Electricity costs are basically irrelevant because the cards are so expensive.
A100 cards consume 250w each, with datacenter overheads we will call it 1000 kilowatts for all 2048 cards. 23 days is 552 hours, or 552,000 kilowatt hours total.
Most dataceneters are between 7 and 10 cents per kilowatt hour for electricity. Some are below 4. At 10 cents, that's $53,000 in electricity costs, which is nothing next to $30 million in capital costs.
No, I'm willing to bet the CO2 cost of the cards is also way higher than the electricity. Those things are built on the global supply chain, with materials potentially making multiple thousands of kms journeys between each step.

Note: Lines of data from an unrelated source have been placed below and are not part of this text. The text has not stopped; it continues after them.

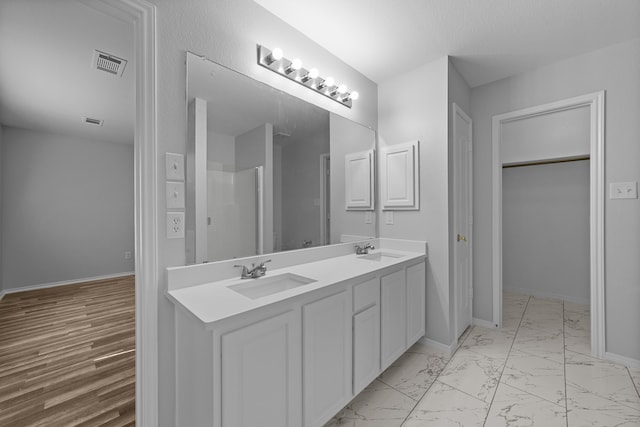 bathroom featuring vanity and hardwood / wood-style flooring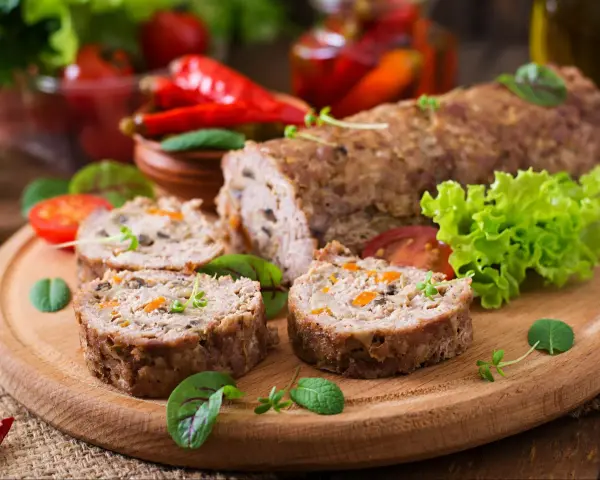 Pokrojone zrazy z mięsa mielonego z warzywami na desce, obok sałata, pomidory i papryczki chili.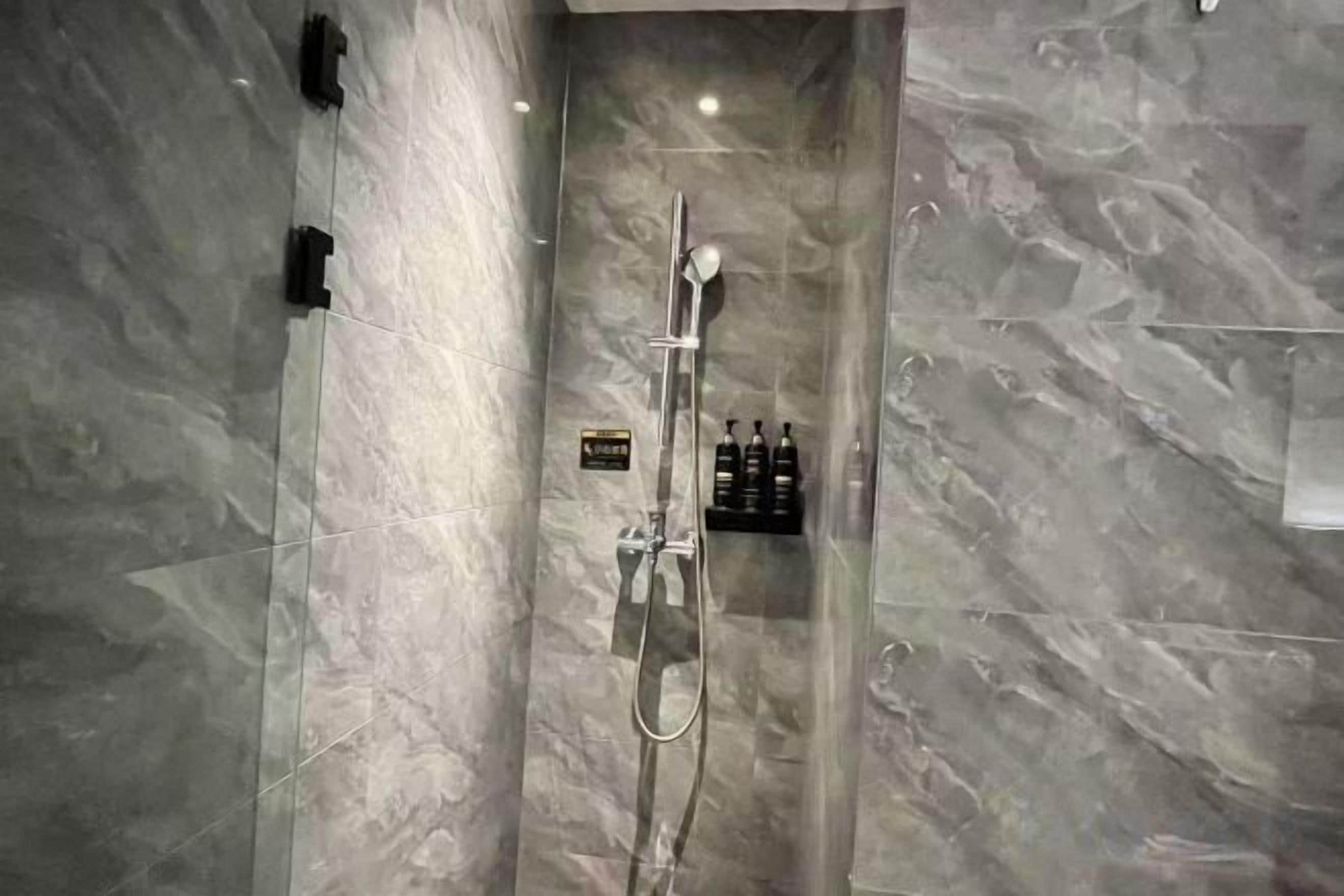A modern bathroom with a glass-enclosed shower, marble walls, and a shelf with toiletries.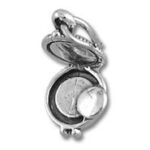 open silver locket with coin inside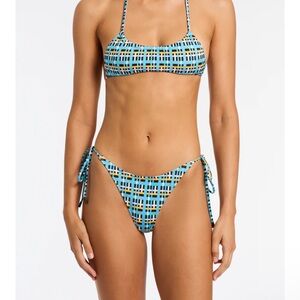 Triangl bikini in perfect condition with matching bag. Large top and xs bottoms.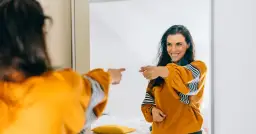 Uśmiechnięta kobieta w musztardowej bluzie wskazuje palcem na swoje odbicie w lustrze, emanując charyzmą.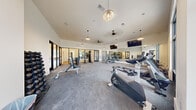 Located at 280 Salmon Brook St in Granby, CT, this well-appointed fitness center offers a comprehensive workout facility across a single floor. The space is organized into two distinct areas: a generously sized main gym floor and a separate multipurpose studio room.

The main workout area features vaulted ceilings that lend an open, airy feel to the space. Durable rubber-backed carpet flooring covers the gym floor, providing both comfort and functionality underfoot. The room is illuminated by a combination of stylish pendant lights and ceiling fans, ensuring adequate airflow and visibility throughout. Large windows along the walls allow natural light to fill the space while offering views to the outdoors. Full-length wall mirrors visually expand the room while serving as a practical training aid. Equipment includes a row of treadmills, ellipticals, stationary bikes, cable machines, a weight bench, and a dumbbell rack. Wall-mounted flat-screen televisions are positioned for easy viewing during workouts.

The secondary studio room is a clean, minimalist space featuring warm hardwood flooring and large wall mirrors, making it ideal for yoga, stretching, or group fitness activities. The crisp white walls and simple design keep the room bright and versatile. Glass-paneled doors connect the two areas, maintaining a sense of openness throughout the facility.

Long term I also imagine it's much cheaper to run these large model trainings on renewables. It's a very centralized process that doesn't necessarily need 100% availability.
The manufacturing process, however, is totally decentralized, and NVIDIA mostly manufactures in China where coal is cheap.
US grid mix produces about 0.855 pounds of CO2 per kWh[0]. So 552,000 kWh 452,640 pounds of CO2 which is 205.31 metric tons. At a cost of $40 per tonne[1] of CO2 that works out to $8,212.40 which is still small compared to the capital cost of the cards.
AWS us-west-2 is housed in The Dalles and Prineville, Oregon. Not only are they near a massive wind farm in the Columbia Gorge, but also quite near the Columbia river's many hydro-electric dams. Facebook and Apple also have Prineville data centers. They are built there intentionally. Electricity at many data centers is quite carbon-lean.
I always feel there is an opportunity cost here though. If that green energy wasn’t being used for compute it could be available to heat someone’s home instead of them using dirty sources.
$30m training cost is too high. Amazon's p4d.24xlarge is $32.77 an hour for 8 A100 GPUs. 2048 A100 GPUs for 23 days costs $4.6m at that rate. You might even get a discount.
At the same time I guarantee you they didn’t get it right the first time. I’m sure there were multiple (both serially and in parallel) runs as they worked out kinks and tuned hyper parameters.
Not to mention, the kind of expertise to run this for a major corporation doesn't come for free either? Facebook employs quite a few high profile ML researchers who undoubtedly make mid-high six figure salaries.
The point was that if you only need to train once, then it's cheaper to rent the GPUs than to buy them. If you need to train it multiple times, then the cost of buying the GPUs is amortized among runs.
In any case the cost per run is going to be lower than 30m
I'm sure that's the case. The latest sku I'm responsible for QC testing now contains 4x A100's in a 2U chassis. And oh man the number of QSFP ports it utilizes..
Azure is generally a pretty terrible cloud (poor UX, very slow for anything, multiple highly critical cross-tenant security issues, etc.) far behind the market leader, AWS, so they have to compensate with pricing (same reason why Oracle Cloud is so reasonably price, they're already so far behind their usual pricing wouldn't make any sense).
There's no reasonable way to get an estimate of what it actually costs FB.
1) The GPU's are not single use, they will amortize it over 3 yrs and there are other things that it will be used for that generate revenue.
2) The cost of the servers for these GPU's to run in with massive CPU, RAM, and storage requirements.
3) The overhead of building and operating all of that infrastructure in terms of people, electricity, cooling, etc.
4) The overhead of having dozens or hundreds of engineers & scientists who contributed to this.
One way you can distill the first three is to use AWS/Azure/GCP costs. But then you are still missing a major factor which is the humans that worked on it, and the human may very well exceed the hardware cost.
Plus there's a lot of highly specialized engineers required to keep all those GPUs up and running during training and the ML engineers who are skilled in deep learning + hardware, plus the systems for gathering/cleaning/labelling data. Gather enough engineers and now you need managers, PMs, etc.
That's a $30Mil if you want to train at that scale. Also IIRC it took 23 days to train the biggest model. Someone else can do the power consumption cost calculations.